## Activity
Write out again, please, the records below from the first line to the line holding "cheap iPhone Cases-Phone", inclusive, and nothing else.

(Material shown begins)

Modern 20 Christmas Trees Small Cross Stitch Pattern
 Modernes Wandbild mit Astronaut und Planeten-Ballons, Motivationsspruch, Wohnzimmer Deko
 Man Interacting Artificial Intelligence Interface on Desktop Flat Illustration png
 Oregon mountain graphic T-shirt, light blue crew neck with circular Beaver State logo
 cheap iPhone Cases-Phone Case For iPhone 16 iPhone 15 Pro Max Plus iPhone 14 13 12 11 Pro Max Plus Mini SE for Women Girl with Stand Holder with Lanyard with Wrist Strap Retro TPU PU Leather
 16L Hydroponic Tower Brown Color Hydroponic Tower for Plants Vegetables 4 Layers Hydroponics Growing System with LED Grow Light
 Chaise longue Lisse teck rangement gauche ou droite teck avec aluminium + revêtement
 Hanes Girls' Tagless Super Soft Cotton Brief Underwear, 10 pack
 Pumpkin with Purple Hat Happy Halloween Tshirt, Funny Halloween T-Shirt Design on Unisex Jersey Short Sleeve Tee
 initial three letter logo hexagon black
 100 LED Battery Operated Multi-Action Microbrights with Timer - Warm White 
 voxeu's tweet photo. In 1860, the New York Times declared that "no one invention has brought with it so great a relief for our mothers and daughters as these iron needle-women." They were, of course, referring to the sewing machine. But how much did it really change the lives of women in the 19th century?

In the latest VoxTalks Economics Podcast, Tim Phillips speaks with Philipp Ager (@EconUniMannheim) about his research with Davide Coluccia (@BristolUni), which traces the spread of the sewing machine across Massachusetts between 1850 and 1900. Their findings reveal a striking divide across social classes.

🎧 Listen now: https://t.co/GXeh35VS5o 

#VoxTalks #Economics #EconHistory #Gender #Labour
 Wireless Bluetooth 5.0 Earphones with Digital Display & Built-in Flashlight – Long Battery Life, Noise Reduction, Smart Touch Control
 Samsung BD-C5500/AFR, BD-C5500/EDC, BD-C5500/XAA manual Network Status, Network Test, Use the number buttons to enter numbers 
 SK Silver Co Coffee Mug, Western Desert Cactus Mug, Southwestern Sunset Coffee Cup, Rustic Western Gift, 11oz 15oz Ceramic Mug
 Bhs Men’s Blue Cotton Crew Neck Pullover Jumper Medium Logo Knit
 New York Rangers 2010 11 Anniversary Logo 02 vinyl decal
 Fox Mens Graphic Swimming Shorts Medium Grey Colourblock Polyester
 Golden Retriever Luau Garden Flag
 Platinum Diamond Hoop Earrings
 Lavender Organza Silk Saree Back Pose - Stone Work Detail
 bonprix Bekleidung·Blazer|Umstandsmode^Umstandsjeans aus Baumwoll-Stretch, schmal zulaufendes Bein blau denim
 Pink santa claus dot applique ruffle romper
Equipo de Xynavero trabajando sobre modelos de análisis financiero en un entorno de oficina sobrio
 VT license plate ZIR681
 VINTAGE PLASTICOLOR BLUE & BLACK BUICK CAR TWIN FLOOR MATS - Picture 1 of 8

(Material shown ends)

## Answer to the exercise
Modern 20 Christmas Trees Small Cross Stitch Pattern
 Modernes Wandbild mit Astronaut und Planeten-Ballons, Motivationsspruch, Wohnzimmer Deko
 Man Interacting Artificial Intelligence Interface on Desktop Flat Illustration png
 Oregon mountain graphic T-shirt, light blue crew neck with circular Beaver State logo
 cheap iPhone Cases-Phone Case For iPhone 16 iPhone 15 Pro Max Plus iPhone 14 13 12 11 Pro Max Plus Mini SE for Women Girl with Stand Holder with Lanyard with Wrist Strap Retro TPU PU Leather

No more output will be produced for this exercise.